WORK ORDER →
Your output should be the records below, word for word and picture-free.

EXTRACTED MATERIAL →
════════════════

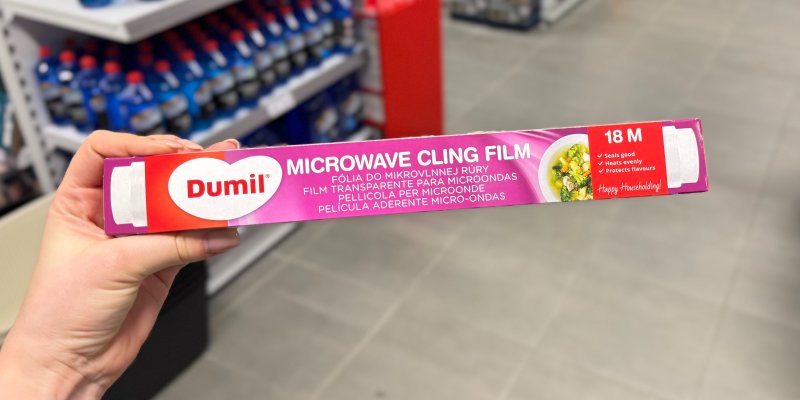 Parádní vychytávka! Díky fólii z Actionu za 19,90 Kč bude jídlo z mikrovlnky vždy šťavnaté a perfektně ohřáté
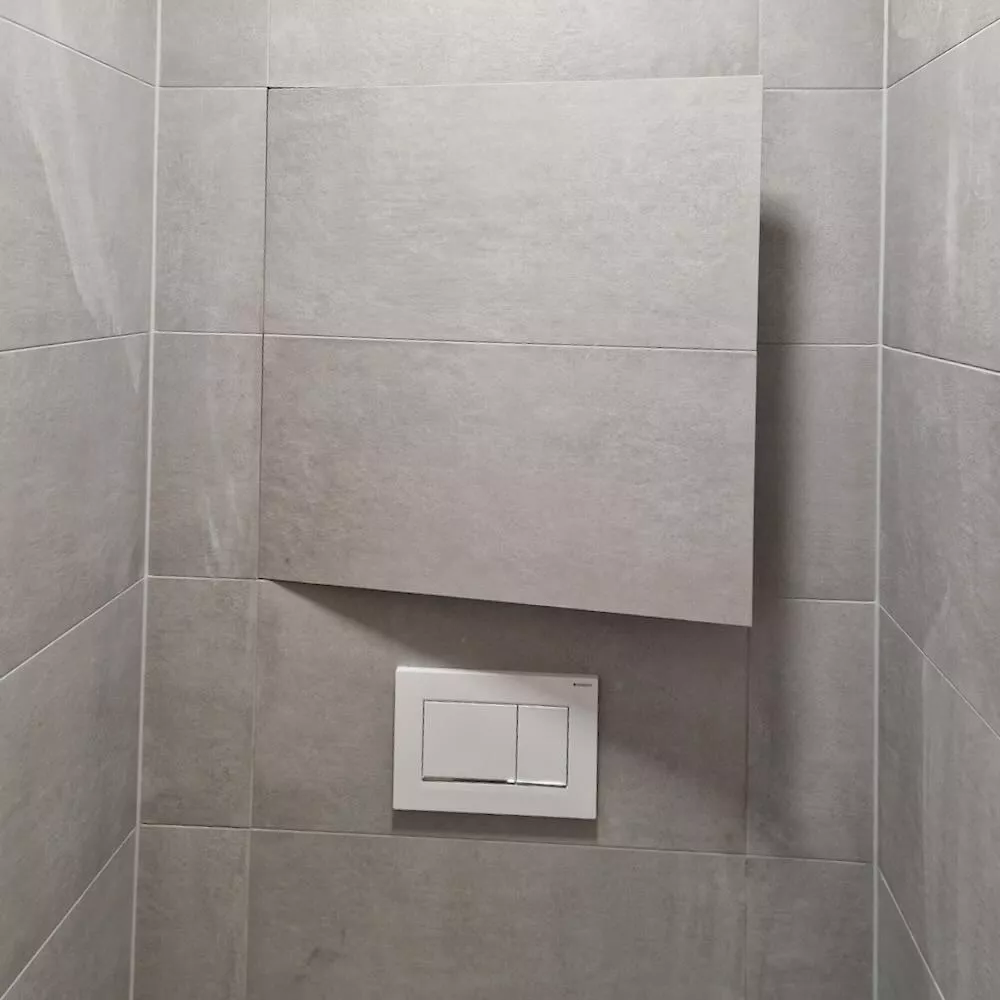 Revizní dvířka pod obklad 300x300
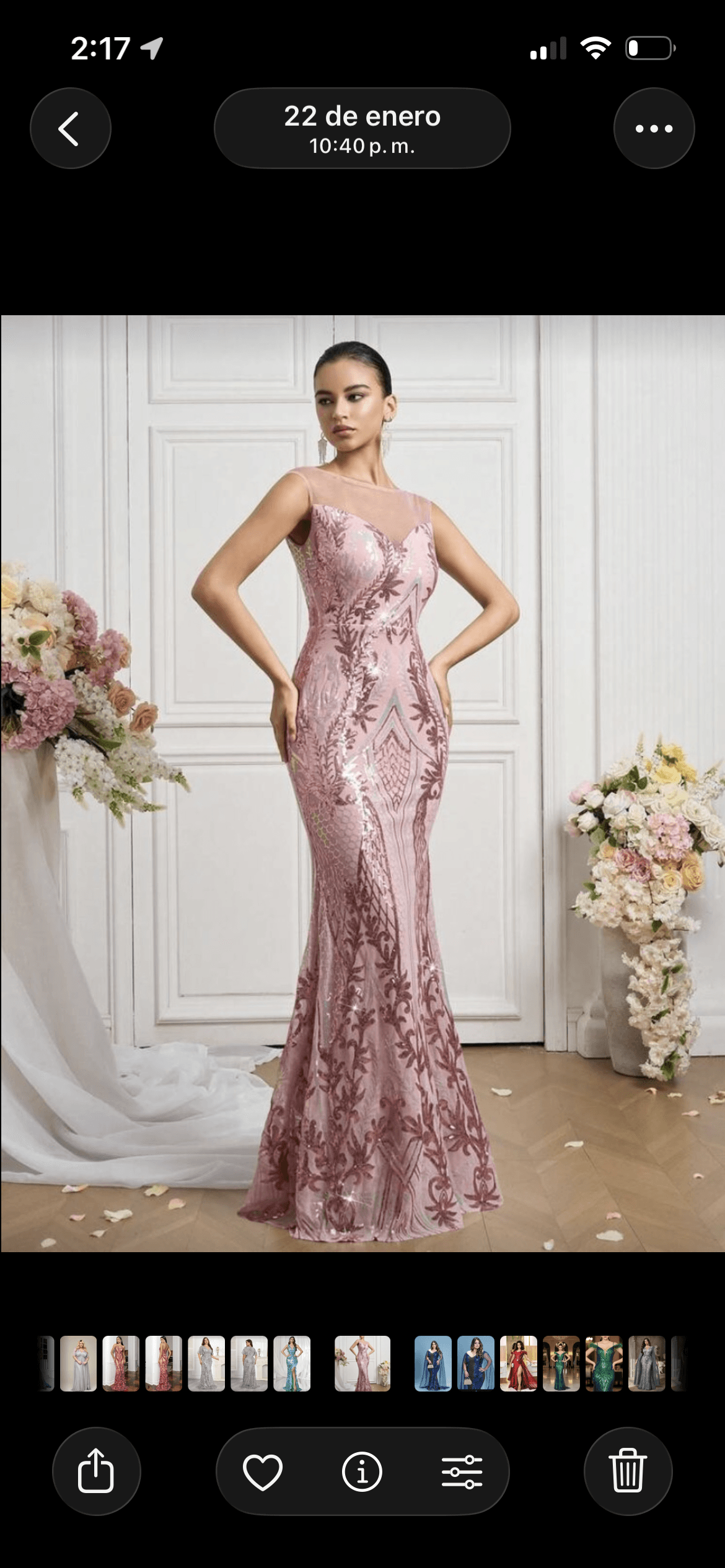 Rosa con lentejuelas y cuello alto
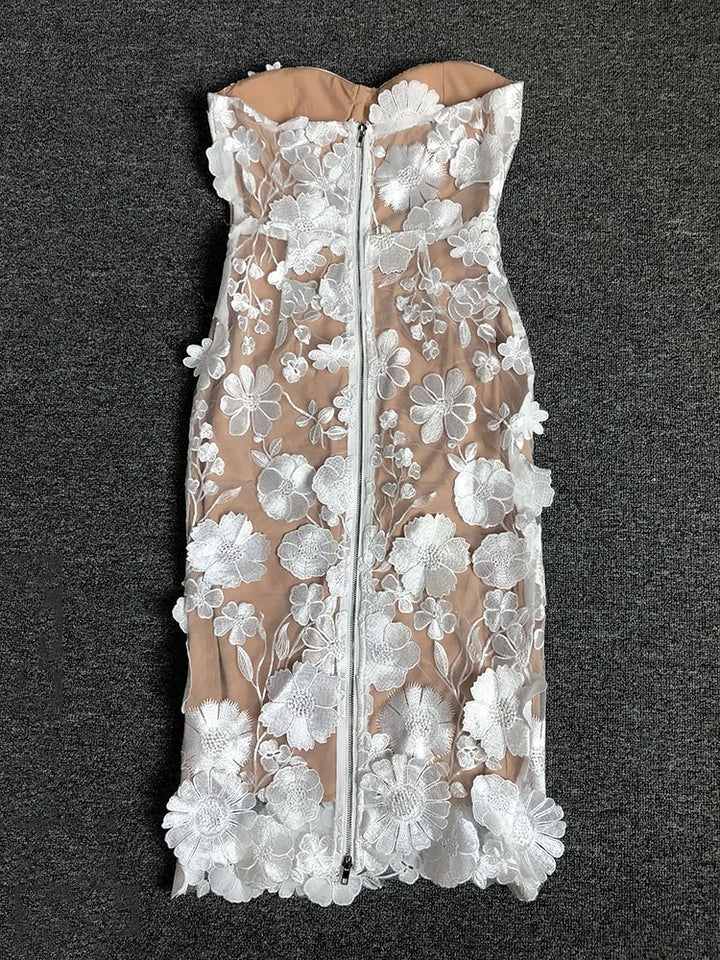 שמלת מידי סטרפלס בעיצוב רקמת פרחים - מוריה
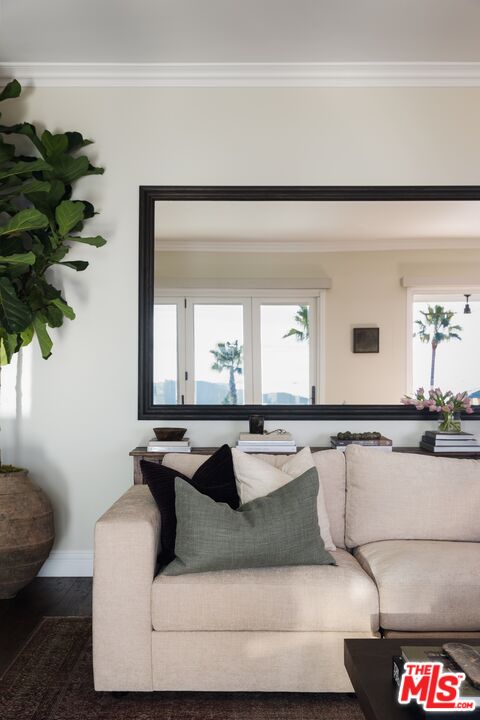 16736 Via Pacifica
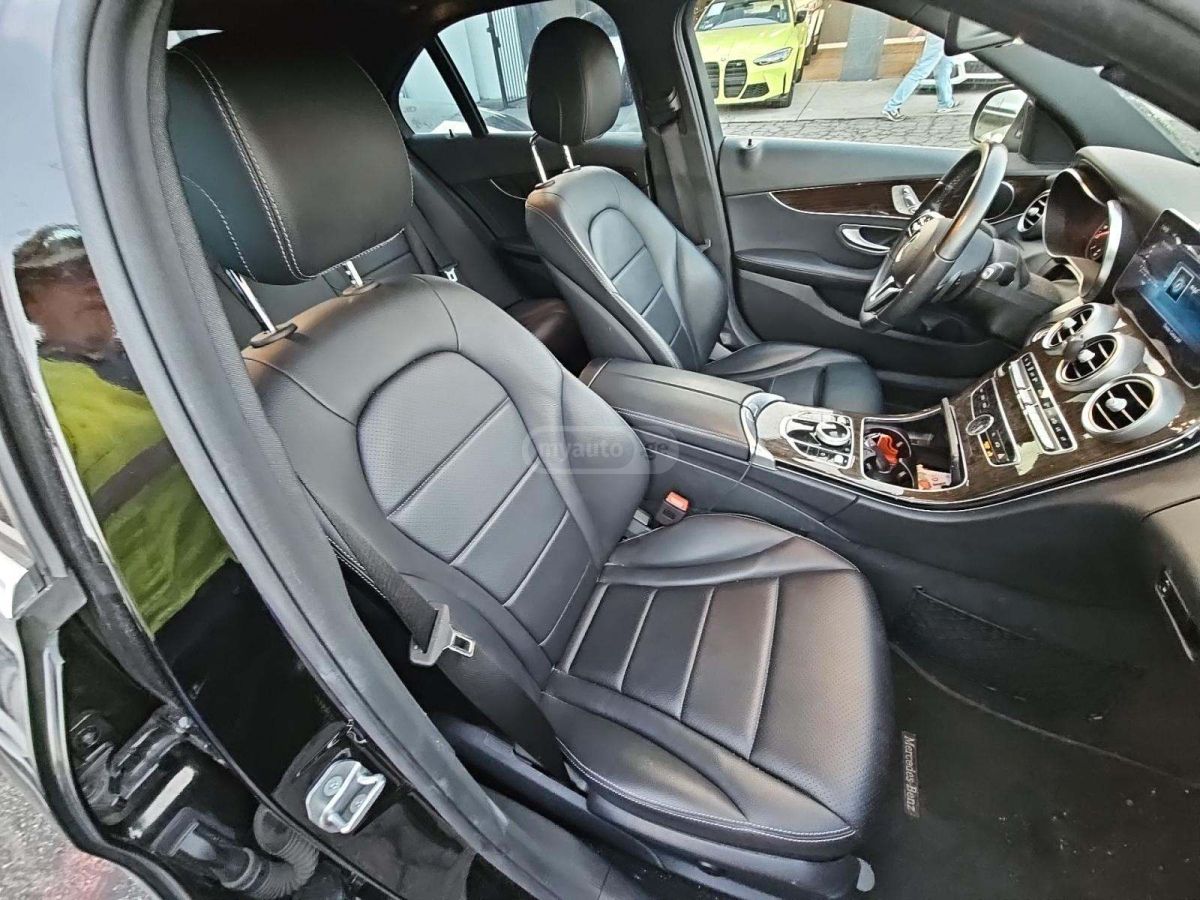 Mercedes-Benz C 300 - фото 6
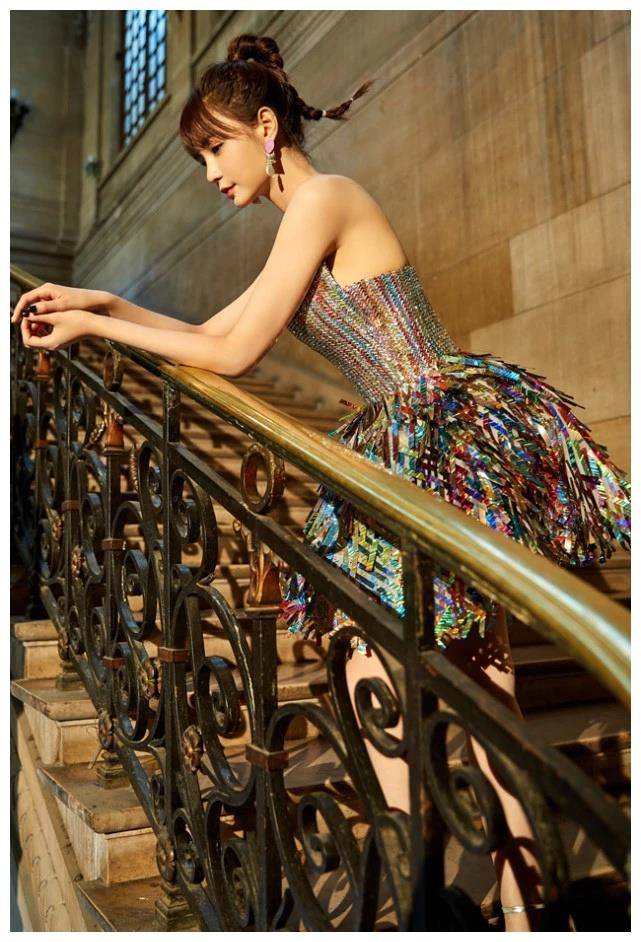 原创沈梦辰这裙子是彩色钢丝制成的看着有点扎为凹造型拼了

════════════════

OUTPUT OF THE EXERCISE →
 Parádní vychytávka! Díky fólii z Actionu za 19,90 Kč bude jídlo z mikrovlnky vždy šťavnaté a perfektně ohřáté
 Revizní dvířka pod obklad 300x300
 Rosa con lentejuelas y cuello alto
 שמלת מידי סטרפלס בעיצוב רקמת פרחים - מוריה
 16736 Via Pacifica
 Mercedes-Benz C 300 - фото 6
 原创沈梦辰这裙子是彩色钢丝制成的看着有点扎为凹造型拼了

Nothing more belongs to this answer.